BEGIN
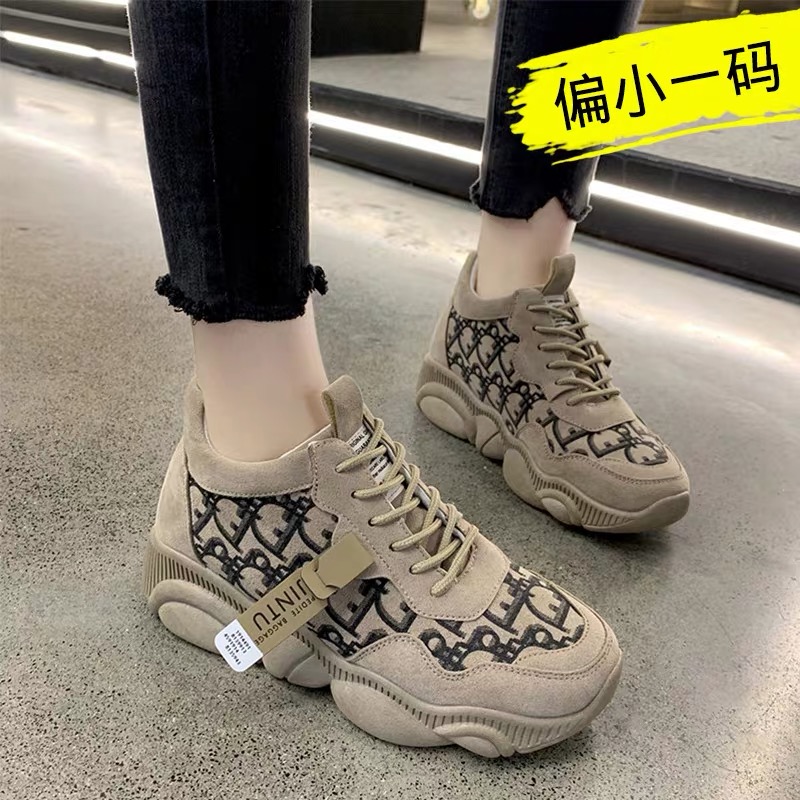 Giầy Nữ Thể Thao Sneaker uzzang in 3D thời Trang Trẻ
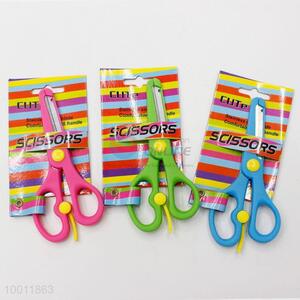 School Stationery Korean Students Cartoon Safety Scissors for Kids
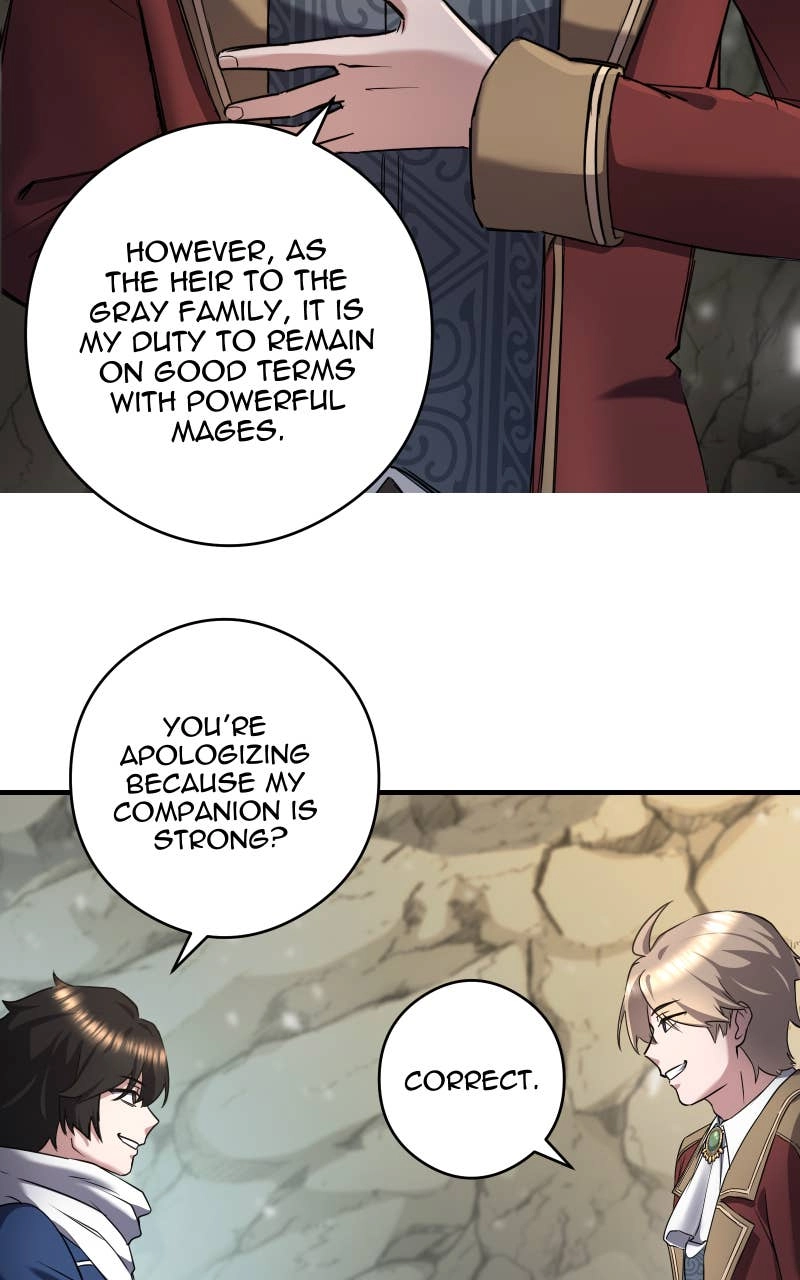 My Best Friend is an Eldritch Horror Chapter 21 - Page 70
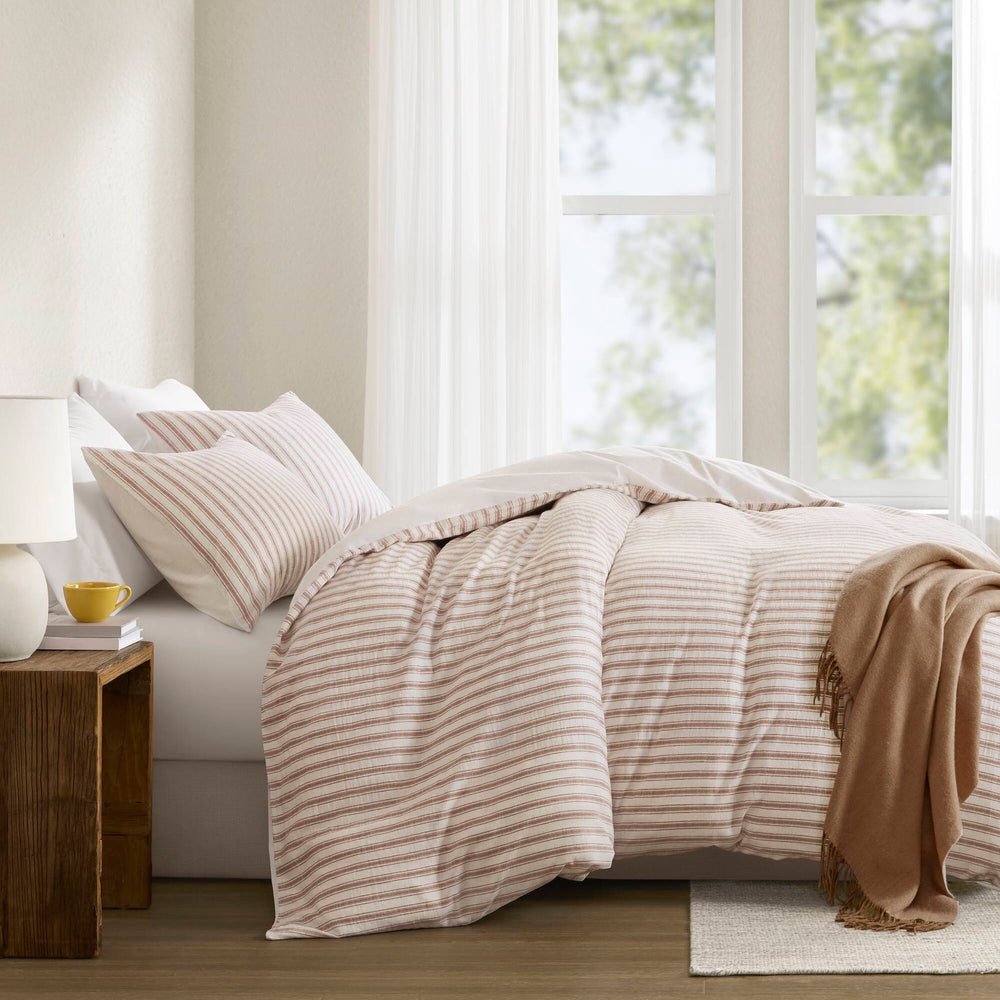 3 PCS King Duvet Set Terracotta Media 21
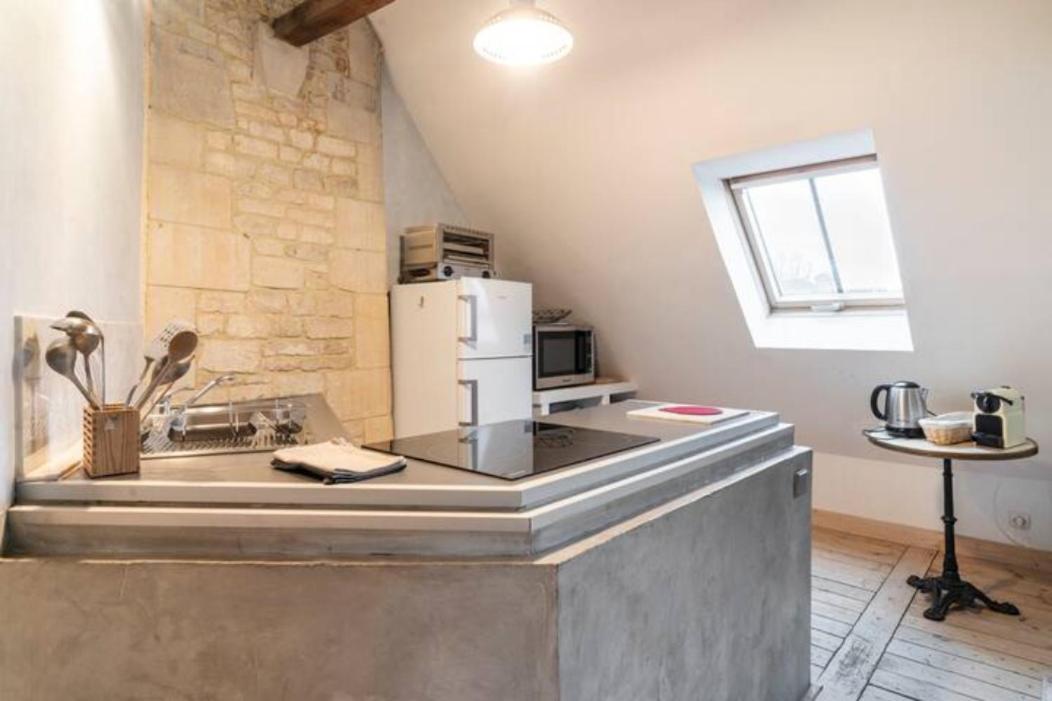 Villa République Normandie Fraternité Caen Esterno foto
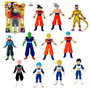 Bizak Monsterflex Dragon Ball Figura Estirable Surtida de 17 cm de modelos aleatorios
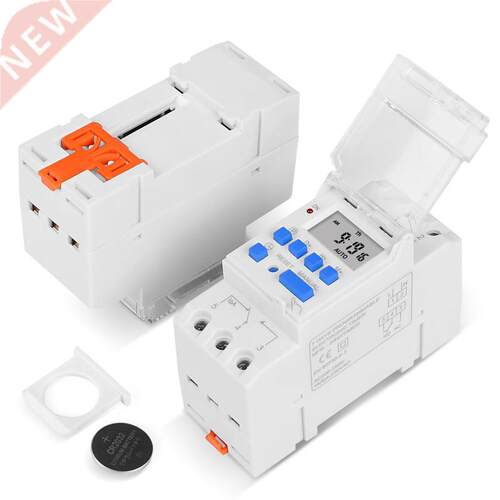 Brand Electronic Weekly 7 Days Programmable Digital TIME SW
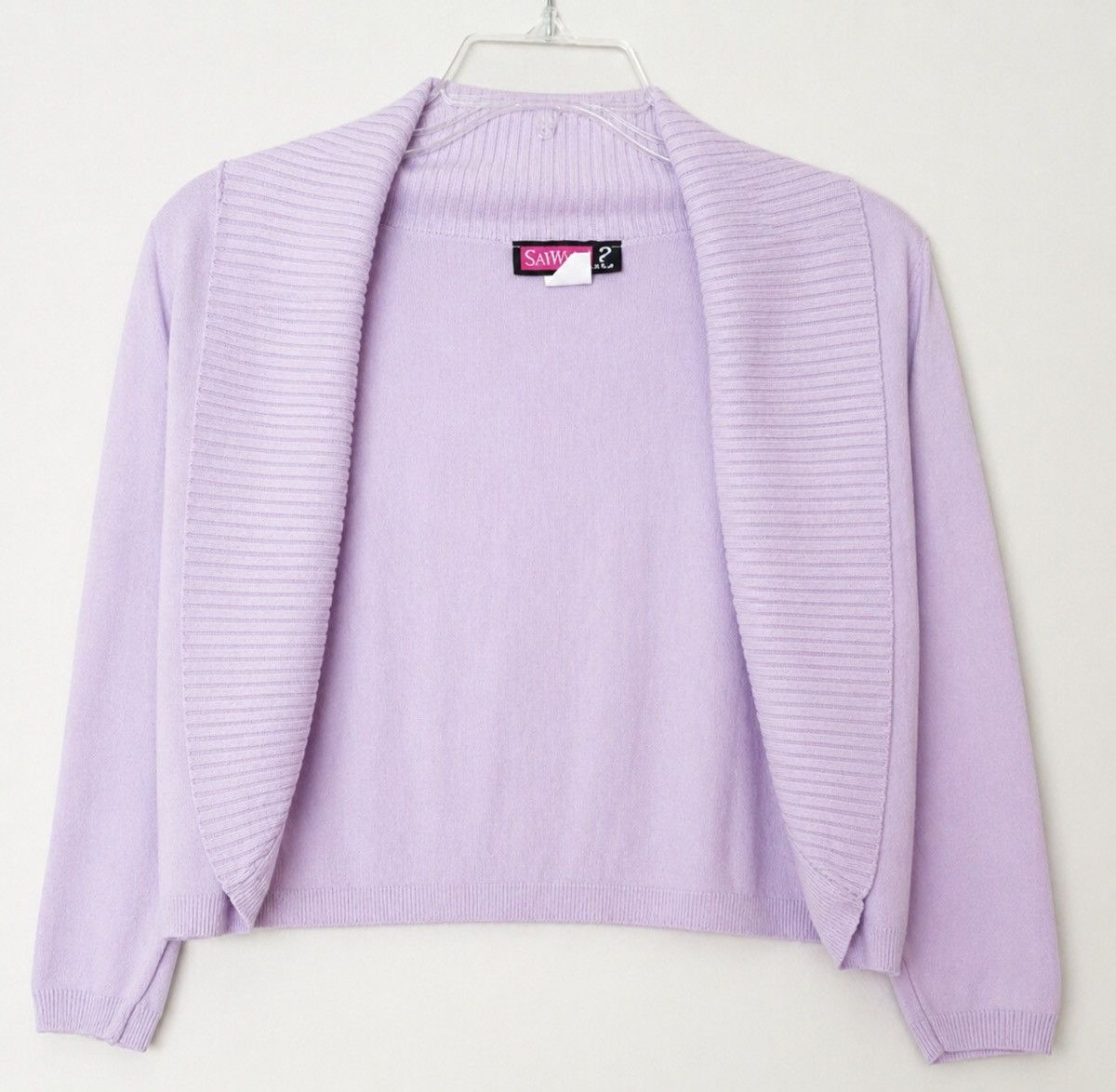 Other Say What? Purple Cardigan, Size Large Size L / US 10 / IT 46 - 3 Thumbnail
END
**EXERCISE REQUIREMENTS:** Keep the pictures out and repeat exactly the lines from the beginning of the data through the line that contains "Villa République Normandie", both ends included.

**RESULT OF THE EXERCISE:**
 Giầy Nữ Thể Thao Sneaker uzzang in 3D thời Trang Trẻ
 School Stationery Korean Students Cartoon Safety Scissors for Kids
 My Best Friend is an Eldritch Horror Chapter 21 - Page 70
 3 PCS King Duvet Set Terracotta Media 21
 Villa République Normandie Fraternité Caen Esterno foto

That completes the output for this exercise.